Crest operates through six regional business units:

  • South East - 4
  • South West - 1
  • Midlands – 1

That tally is changing as Crest is in the process of setting up two new regional business units, one in the Southampton/M27 area and the other in London.

Total housing completions were 11% higher than in 2006 at 3,300. This tally divides between:

  • 2,200 open market completions, a rise of 9%
  • 1,100 affordable units, 15% more than in 2006

The average sale price of £198,000 was almost identical to the previous year’s figure of £199,000.

Crest reported that house price inflation out-weighted build cost inflation in 2007 and “benefited gross margin”.

Crest said: “2007 was a good year for land buying. We added 4,200 plots. This was 900 more plots than the 3,300 units completed in 2007, leaving us well placed for future volume growth.”

At the 2007 level of turnover, the short-term housing portfolio continues to represent over five-years supply.
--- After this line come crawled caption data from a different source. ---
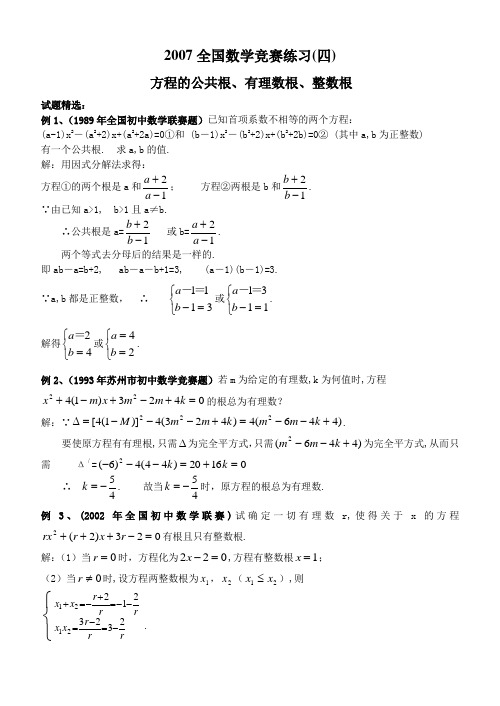 2007全国数学竞赛练习(四)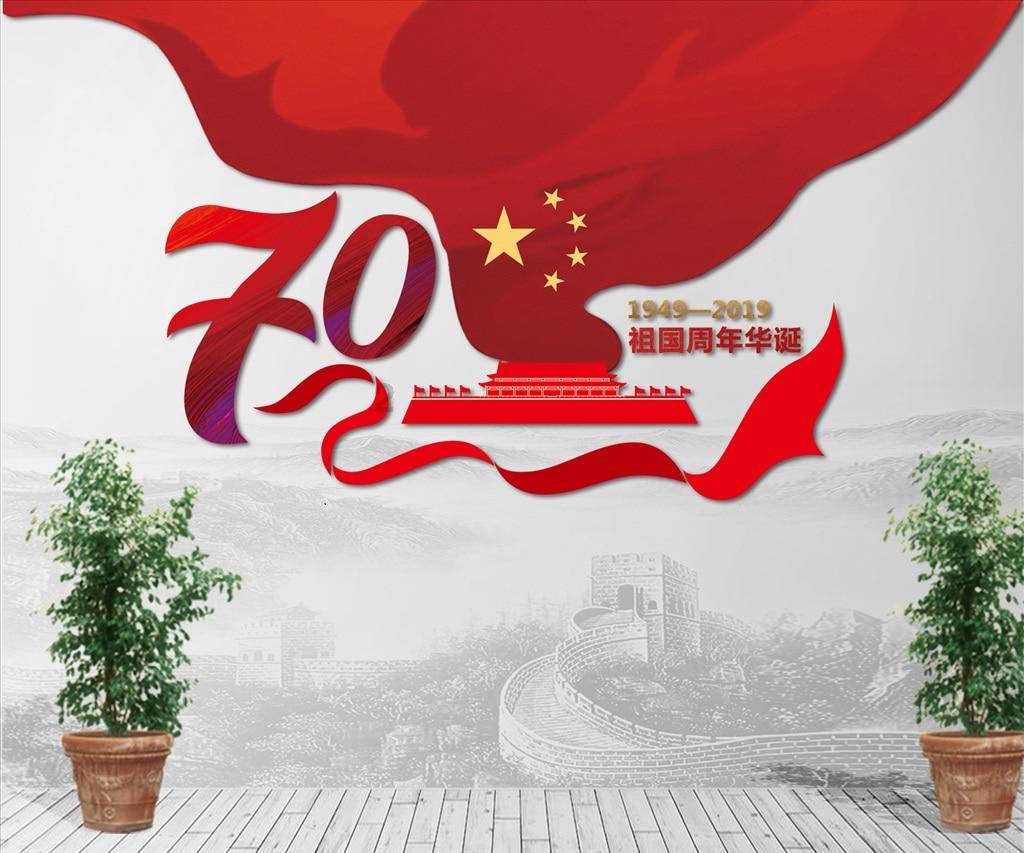 点燃的炸弹人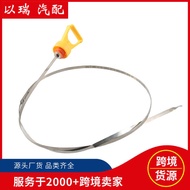 5L3Z-7A020-B Car Oil Dipstick 995mm Engine Oil Dipstick Suitable Ford Oil Ruler Cross-Border Supply
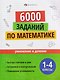 Математика. Умножение и деление. 1-4 классы. 6000 заданий - фото 1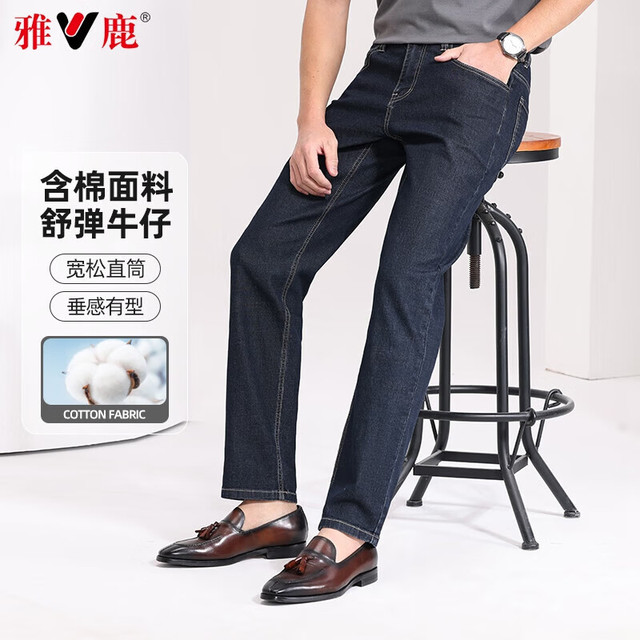 雅鹿 高端轻奢2026夏季薄款男士牛仔裤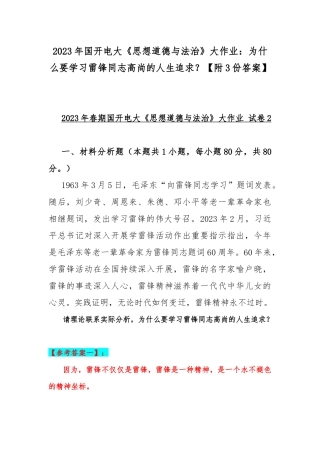 2023年国开电大《思想道德与法治》大作业：为什么要学习雷锋同志高尚的人生追求？【附3份答案】.docx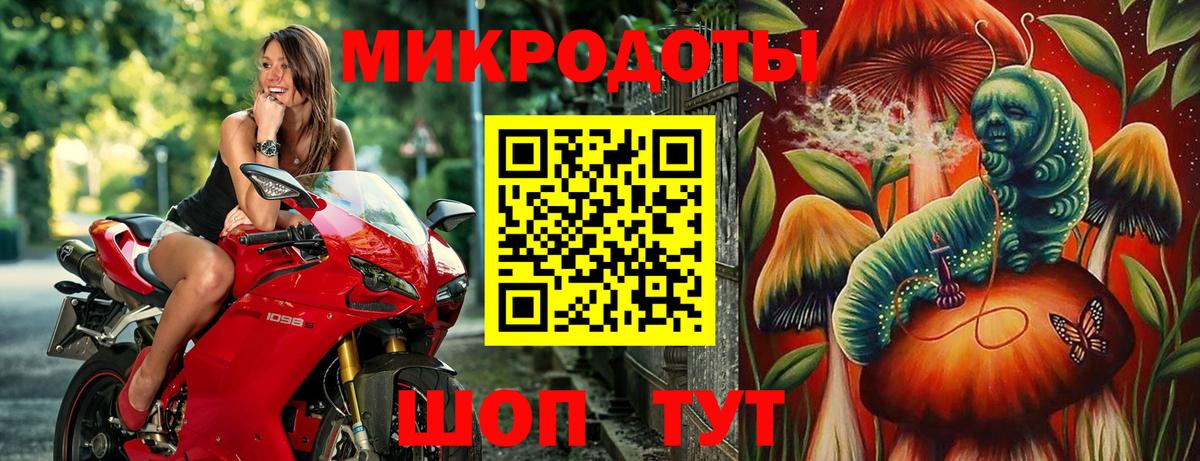 Галлюциногенные грибы мухоморы  Псилоцибиновые грибы ЛСД  Вход с VPN  Азнакаево 
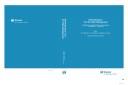 Cover for Biomanipulation, tool for water management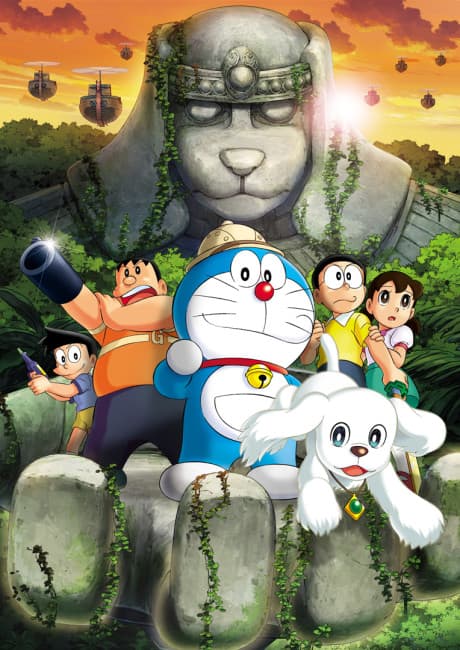 Anime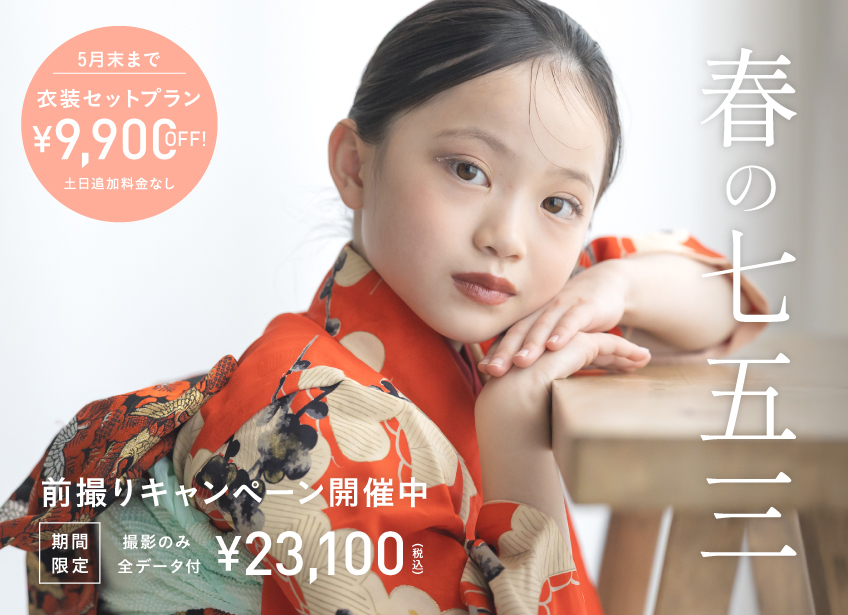 5月末まで】春の七五三前撮りキャンペーン（撮影のみ23,100円／全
In 2007, Crest’s employee turnover percentage (i.e. churn rate) was 20% including site-based staff. “While we do not regard this as unreasonable in the relatively buoyant market conditions in 2007, we will seek to reduce it in 2008.”

At the end of the period, Crest had borrowing facilities of £590m of which £220 were being utilised.

The highest-paid director was paid £722,000 though he didn’t have to struggle on this alone as the figure was topped up with another £237,000 thanks to his decision to exercise share options and then again by another £1.1m, the result of his long-term incentive scheme.

All in all, his take-home tally ran to £2.1m.

And that is before the £77,000 morsel that was slipped into his pension scheme.

In the previous year, the sum total of the benefits was much lower at £1.0m.